__PROBLEM DETAILS__. In the records below, find each line containing the word "Double" and copy it.

__INPUT__.
━━━━━━━━━━━━━━━━━━━━

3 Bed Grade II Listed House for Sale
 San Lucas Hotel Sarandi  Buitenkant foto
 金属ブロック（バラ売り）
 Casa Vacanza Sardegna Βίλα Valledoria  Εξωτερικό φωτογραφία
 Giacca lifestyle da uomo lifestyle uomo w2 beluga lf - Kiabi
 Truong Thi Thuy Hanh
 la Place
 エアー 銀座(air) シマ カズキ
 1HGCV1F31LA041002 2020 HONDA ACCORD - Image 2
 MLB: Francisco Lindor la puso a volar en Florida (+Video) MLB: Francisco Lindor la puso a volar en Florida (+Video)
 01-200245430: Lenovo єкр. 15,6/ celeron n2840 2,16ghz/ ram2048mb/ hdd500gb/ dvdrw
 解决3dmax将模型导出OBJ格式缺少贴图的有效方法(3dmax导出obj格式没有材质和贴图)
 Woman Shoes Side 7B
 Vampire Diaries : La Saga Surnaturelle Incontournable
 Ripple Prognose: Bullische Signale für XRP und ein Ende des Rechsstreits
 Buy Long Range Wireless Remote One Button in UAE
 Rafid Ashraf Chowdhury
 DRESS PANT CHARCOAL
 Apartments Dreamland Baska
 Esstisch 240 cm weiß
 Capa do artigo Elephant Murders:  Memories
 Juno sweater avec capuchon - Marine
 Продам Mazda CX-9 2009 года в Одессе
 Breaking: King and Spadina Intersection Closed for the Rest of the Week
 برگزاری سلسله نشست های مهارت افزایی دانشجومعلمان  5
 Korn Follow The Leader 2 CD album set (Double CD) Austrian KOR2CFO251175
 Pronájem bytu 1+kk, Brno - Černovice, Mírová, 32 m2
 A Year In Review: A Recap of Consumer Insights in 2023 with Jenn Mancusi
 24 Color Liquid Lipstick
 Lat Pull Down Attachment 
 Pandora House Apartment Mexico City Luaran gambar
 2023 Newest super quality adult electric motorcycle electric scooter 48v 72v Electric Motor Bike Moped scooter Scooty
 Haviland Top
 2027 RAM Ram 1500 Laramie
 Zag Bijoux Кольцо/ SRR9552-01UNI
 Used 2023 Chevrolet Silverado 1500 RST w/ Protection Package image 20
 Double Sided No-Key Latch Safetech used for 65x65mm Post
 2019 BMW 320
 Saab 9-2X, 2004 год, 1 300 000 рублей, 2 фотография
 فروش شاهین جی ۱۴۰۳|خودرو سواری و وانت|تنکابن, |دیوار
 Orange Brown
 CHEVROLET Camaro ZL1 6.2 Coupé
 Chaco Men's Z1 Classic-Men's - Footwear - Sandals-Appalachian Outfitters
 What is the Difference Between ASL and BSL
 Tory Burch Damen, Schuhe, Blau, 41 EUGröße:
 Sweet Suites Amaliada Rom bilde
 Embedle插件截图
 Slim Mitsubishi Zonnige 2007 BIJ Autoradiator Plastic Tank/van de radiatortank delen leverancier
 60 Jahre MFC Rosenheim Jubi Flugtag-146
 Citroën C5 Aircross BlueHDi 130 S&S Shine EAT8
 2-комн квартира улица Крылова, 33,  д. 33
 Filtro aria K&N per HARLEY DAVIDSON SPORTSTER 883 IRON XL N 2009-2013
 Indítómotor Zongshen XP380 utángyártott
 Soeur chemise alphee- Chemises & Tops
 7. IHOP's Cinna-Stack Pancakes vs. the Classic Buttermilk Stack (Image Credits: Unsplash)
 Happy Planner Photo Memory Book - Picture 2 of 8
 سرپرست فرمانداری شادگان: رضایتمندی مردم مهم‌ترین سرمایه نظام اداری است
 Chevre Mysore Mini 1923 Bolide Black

━━━━━━━━━━━━━━━━━━━━

__EXERCISE SOLUTION__.
 Korn Follow The Leader 2 CD album set (Double CD) Austrian KOR2CFO251175
 Double Sided No-Key Latch Safetech used for 65x65mm Post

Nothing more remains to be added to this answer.